今度の日曜日は父の日。今年こそ照れずに父に言おうと思う。

「パパ、ありがとう。私はあなたの子どもで良かった」

運転免許証を手放せなかった父

思い起こせば、父の運転をやめさせなければと強く思ったのは、2019年春のことだった。その当時父は90歳。夕食後に一緒にテレビを見ていると、衝撃的なニュースが飛び込んできた。東京の池袋で高齢者が運転する車が暴走し、母子が亡くなる事故が起きたという。

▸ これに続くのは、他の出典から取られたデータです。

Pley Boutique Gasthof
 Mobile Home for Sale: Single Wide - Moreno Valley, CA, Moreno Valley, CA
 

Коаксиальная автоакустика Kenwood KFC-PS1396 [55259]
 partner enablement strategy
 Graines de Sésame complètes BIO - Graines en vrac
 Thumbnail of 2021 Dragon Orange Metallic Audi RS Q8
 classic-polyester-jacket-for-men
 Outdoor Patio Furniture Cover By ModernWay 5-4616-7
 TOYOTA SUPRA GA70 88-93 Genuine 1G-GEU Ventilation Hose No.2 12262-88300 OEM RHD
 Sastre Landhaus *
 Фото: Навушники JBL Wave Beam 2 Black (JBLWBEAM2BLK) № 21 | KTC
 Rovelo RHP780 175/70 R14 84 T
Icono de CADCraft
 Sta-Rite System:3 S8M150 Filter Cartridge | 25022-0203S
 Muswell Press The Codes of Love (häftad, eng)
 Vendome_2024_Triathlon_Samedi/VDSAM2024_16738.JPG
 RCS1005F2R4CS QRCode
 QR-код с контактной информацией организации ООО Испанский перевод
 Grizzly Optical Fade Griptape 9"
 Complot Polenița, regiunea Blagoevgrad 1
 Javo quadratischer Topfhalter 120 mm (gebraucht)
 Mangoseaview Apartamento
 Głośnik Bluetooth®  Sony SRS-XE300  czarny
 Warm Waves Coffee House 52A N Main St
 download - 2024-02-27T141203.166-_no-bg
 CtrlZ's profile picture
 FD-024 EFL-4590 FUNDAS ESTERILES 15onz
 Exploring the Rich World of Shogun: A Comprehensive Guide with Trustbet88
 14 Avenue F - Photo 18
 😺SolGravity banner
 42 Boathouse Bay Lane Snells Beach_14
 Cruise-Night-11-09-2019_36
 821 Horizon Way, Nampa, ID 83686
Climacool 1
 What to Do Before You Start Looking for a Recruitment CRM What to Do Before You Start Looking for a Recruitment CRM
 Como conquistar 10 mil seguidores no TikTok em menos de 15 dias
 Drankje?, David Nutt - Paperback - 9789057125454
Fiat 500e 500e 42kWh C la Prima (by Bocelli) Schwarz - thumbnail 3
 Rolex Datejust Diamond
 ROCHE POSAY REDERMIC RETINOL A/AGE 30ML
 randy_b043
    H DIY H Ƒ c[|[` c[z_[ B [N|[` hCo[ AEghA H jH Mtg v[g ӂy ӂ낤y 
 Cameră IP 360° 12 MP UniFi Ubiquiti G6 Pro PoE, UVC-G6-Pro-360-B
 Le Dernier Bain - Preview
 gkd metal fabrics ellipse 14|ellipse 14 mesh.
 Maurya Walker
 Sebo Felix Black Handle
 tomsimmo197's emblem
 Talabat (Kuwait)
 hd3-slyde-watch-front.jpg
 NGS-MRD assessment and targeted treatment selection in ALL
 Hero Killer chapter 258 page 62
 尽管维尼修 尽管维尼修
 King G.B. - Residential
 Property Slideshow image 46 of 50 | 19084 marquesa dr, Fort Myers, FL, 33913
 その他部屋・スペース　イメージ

「パパ、こんなことになったら取り返しがつかないよ。もう運転をやめて」

父は素直に相槌を打った。

「そうだな。人を轢いたら大変だよな」

私は、父が80歳を超えた頃から、まだ運転していることに危機感を持っていた。今なら父は、免許証返納を決意するかもしれないと期待して、普段より強い口調で言った。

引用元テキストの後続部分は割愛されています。